GIVEN ENTRIES.
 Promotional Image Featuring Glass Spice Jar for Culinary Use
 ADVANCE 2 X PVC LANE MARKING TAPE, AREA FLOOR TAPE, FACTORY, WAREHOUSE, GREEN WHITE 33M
...
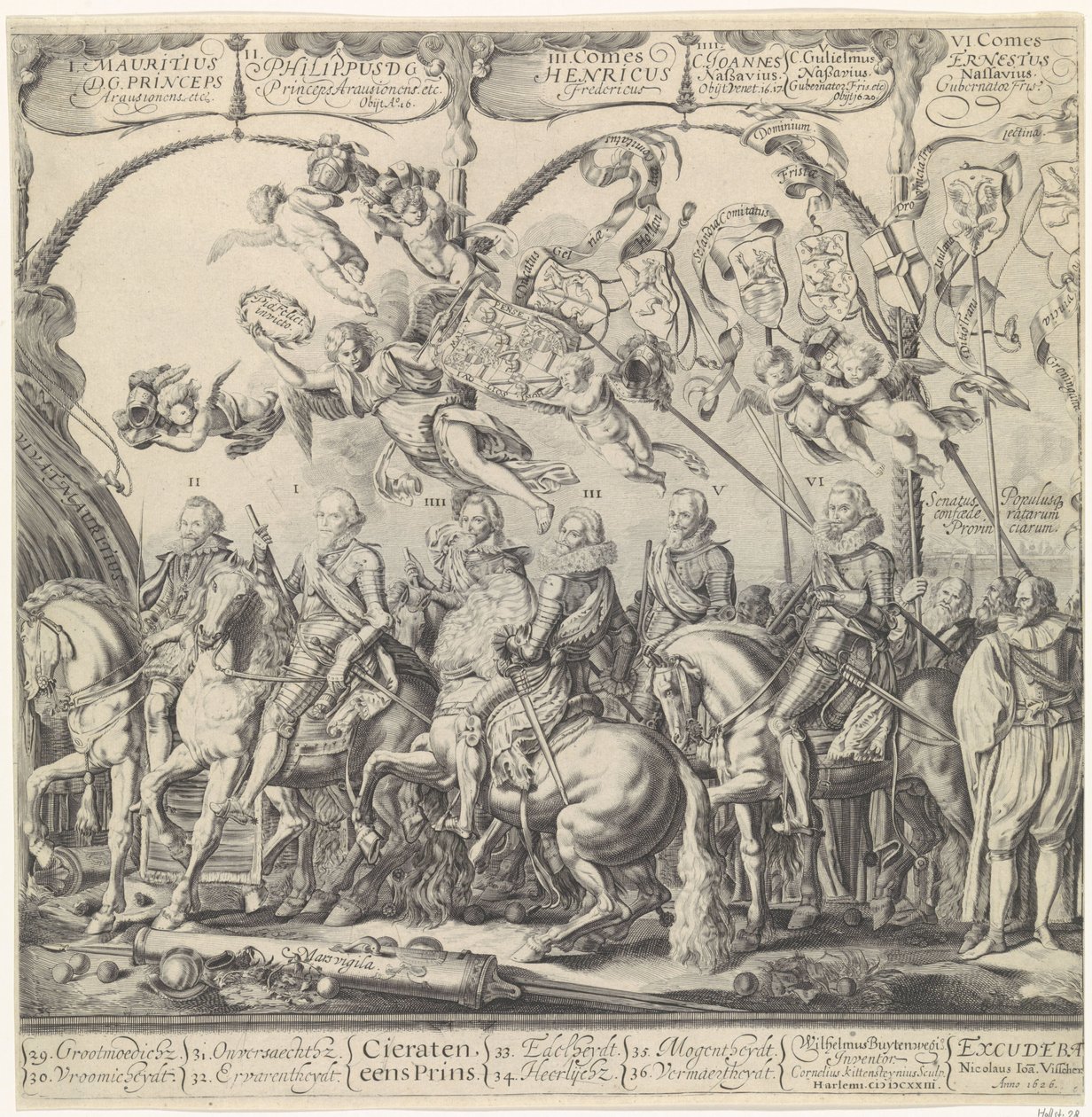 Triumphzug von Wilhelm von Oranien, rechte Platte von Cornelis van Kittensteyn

TASK PROMPT.
Extract exactly and only the lines above from the line containing "Promotional Image Featuring" through the line containing "ADVANCE 2 X", both end lines included.

ANSWER TO THIS EXERCISE.
 Promotional Image Featuring Glass Spice Jar for Culinary Use
 ADVANCE 2 X PVC LANE MARKING TAPE, AREA FLOOR TAPE, FACTORY, WAREHOUSE, GREEN WHITE 33M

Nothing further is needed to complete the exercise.